The limited evidence for the Later Mesolithic from excavated sites and stray finds suggest a residential mobility strategy consisting of short-term food and raw material procurement and processing camps oriented toward coasts, estuaries, rivers and lakes. No inland, terrestrially-oriented sites have yet been identified. Regional surveys including the Lough Swilly Archaeological Survey in eastern County Donegal, the Bally Lough Archaeological Project in County Waterford and the broader Barrow Valley Archaeological Survey in southeast Ireland have confirmed this pattern.

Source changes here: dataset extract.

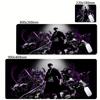 Solo Leveling Anime Mouse Pad Large Gaming Nonslip Mousepads Tablet Gamer Keyboard Mat Laptop Art Mausepad Mini PC Playmat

Excavations at the floodplain site of Newferry in County Antrim, the coastal, industrial site of Bay Farm, also in County Antrim, and the coastal sites of Ferriter's Cove in County Kerry and Belderrig highlight the small-scale, short-term nature of occupations. Analyses of fish remains from the Ferriter's Cove excavation suggest a mid-summer to autumn use of that site by small groups of foragers. Preliminary work employing d18O stable isotope analysis of periwinkle (Littorina littorea) shells from a feature at Ferriter's Cove suggests another visit by foragers in the late autumn or, possibly, winter

Subsistence appears to have involved a broad spectrum of faunal resources: Newferry subsistence data have shown a focus on salmonids and eels; Ferriter's Cove has demonstrated exploitation of seafish, shellfish, and wild pig; and midden sites along the coast of the province of Leinster indicate consumption of sea mammals (e.g., seals), oysters, and limpets. Ireland lacked large terrestrial ungulates – for example, red deer (elk) – during the Later Mesolithic period.

Based on the settlement evidence, it is likely that population density was quite low. Following the lead of Milner and colleagues' calculations for Britain, if we take the low end of ethnographic forager population density estimates (0.1/km^{2}) and factor in Ireland's current area (84,000 km^{2}), we arrive at a population estimate of 8,400 individuals at any one time, spread thinly along the island's extensive coastlines, lakeshores and river valleys.

Later Mesolithic lithic technology and raw material procurement patterns reinforce the scenario of a generalized forager adaptation, i.e., one that is characterized by low population, high mobility, and egalitarian social organization. In addition to its macrolithic nature, one of the features of the Later Mesolithic toolkit that sets it apart from those outside Ireland is the fact that there is no stylistic variability in the broad blades and flakes found across the island. They all are made the same way – hard hammer percussion – and offer no hint of regional variation that might be indicative of differing social identities. Woodman cited this phenomenon as evidence for cultural insularity; Cooney and Grogan argued that it represented frequent interaction among forager groups; Kimball suggested it reflected an adaptation to a high mobility lifeway and variation in subsistence resource distribution. In truth, Later Mesolithic social identities might have been expressed through a completely different medium, such as tope-skin or pig-skin clothing, tattoos, canoe paddles, or some other material that has long since disintegrated.

==Mesolithic People of Ireland==

Discoveries in ancient DNA have shown that the Mesolithic inhabitants of Ireland were dark skinned with blue eyes. These people were hunter gatherers and were populating the island for about 4,000 years before the arrival of Neolithic farmers.